Ontem, quando nos despedimos, disse.lhe: vê se fazes Natal. Sei bem o que estava a dizer, porque sei bem que uma grande parte do Natal é, justamente, feita por nós.

Quando era miúdo adorava este tempo. Na altura vivia bem no centro da cidade e testemunhava, in loco, a azáfama que a todos invadia. Na altura não havia shoppings mas as ruas da baixa estavam sempre cheias de música, iluminação e pessoas. Santa Catarina, 31 de Janeiro, a Avenida, o Bolhão, tinham este cheiro característico, esta alegria tão grande e tão contagiante. A ausência dos centros comerciais fazia com que toos se concentrassem nos mesmo sítios para fazer compras e estas coisas são contagiantes, quantas mais pessoas, mais alegria, quanta mais alegria, mais pessoas. Lembro-me de um ano em que, pouco antes do Natal, tinha medo de sair à rua porque poderia ser atropelado e já não teria Natal. Este medo irracional apenas me voltou a acontecer por duas outras vezes, era já adulto: nas vésperas do meu casamento e nas vésperas de ser pai pela primeira vez. Era assim que eu vivia o Natal, intensamente, alegremente, contagiosamente.

Sei hoje que não era o Natal que eu vivia, mas o folclore que anda à volta dele. Hoje é tudo muito mais calmo, mais sereno, mas mais verdadeiro. Claro que lá em casa nos deixamos contagiar pelos presentes, pela música, pelos filmes. Mas agora o Natal, lá em casa, tem muito mais a ver com pessoas. Hoje chegam os miúdos da Irlanda, e se calhar bem, os lisboetas também chegarão daqui uns dias, e lá em casa, como nos bons tempos, seremos cerca de vinte, apertadinhos mas muito felizes, à volta daquela mesa. Antecipamos todos a azáfama da cozinha, faz bolo, tira bolo, este queimou, o pudim não ficou como queria, põe mesa e tira mesa, não cabemos todos, como havemos de fazer, e a música a tocar e todos a falar ao mesmo tempo, e traz o vinho e o delicioso molho que faço nesta noite e depois não me deixa dormir, eia! já chegaram as batatinhas (está tão bom, vó), e as sobremesas a seguir e lá temos nós que ir à Missa do Galo - hoje não me apetecia nada (nunca apetece nada mas depois sabe tão bem!) - e a missa do dia de Natal com todos roucos e ensonados e o farrapo velho do almoço do dia de Natal (esperamos por ele com tanta alegria como pelo Menino) e bora todos para o sofá para ver os primeiros cinco minutos do filme antes de cairmos para o lado como tordos.
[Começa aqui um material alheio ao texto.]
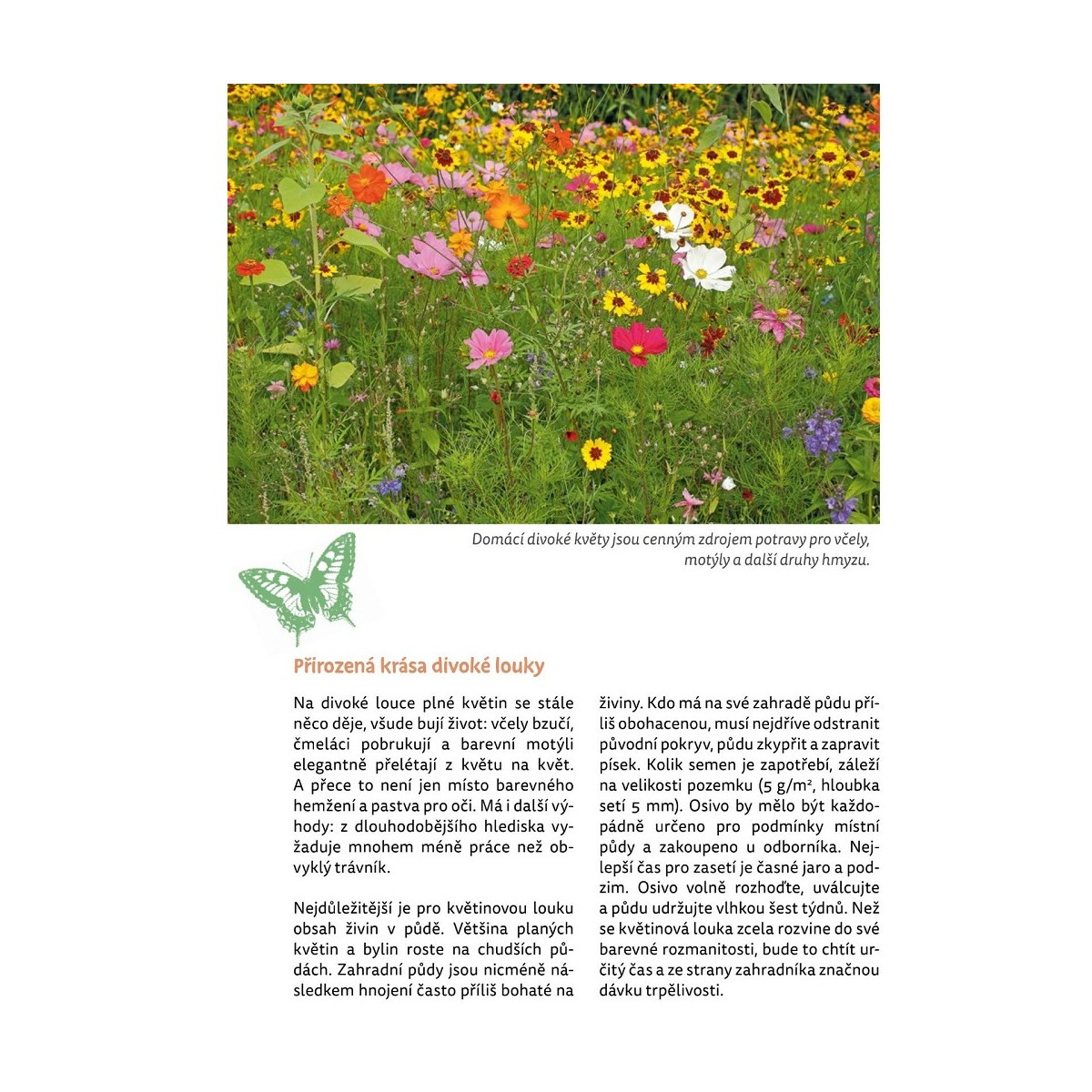 Záhrada plná života - kniha - 1 ks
Acredito que chegamos a um ponto em que se nos tirassem os presentes não mudaria nada doq eu tanto gostamos do Natal. Bom mesmo é estarmos todos lá em casa, a confusão, a alegria, a Missa do Galo, o almoço do dia seguinte, que dura horas, aquela tarde em que estamos todos juntos a conversar durante imenso tempo. Isso sim, é o nosso Natal. Ainda para mais este ano teremos Mesa de São Pedro, no almoço de 24, e sentiremos a entrega de uma forma ainda mais especial.
Sei bem que uma grande parte do Natal é justamente feita por nós, Não por nossa causa, mas por causa do nosso Deus que, por amor, quis confiar-se-nos ao ponto de se colocar, inteiramente, à nossa mercê. Perante um Deus assim, a nossa única resposta deve ser tentar imitá-lo e colocar-nos a nós próprios, a mercê dos outros. A começar pelos nossos, que são, muitas vezes, quem nos gera mais medos e desconfianças. Acredito que só assim faremos Natal.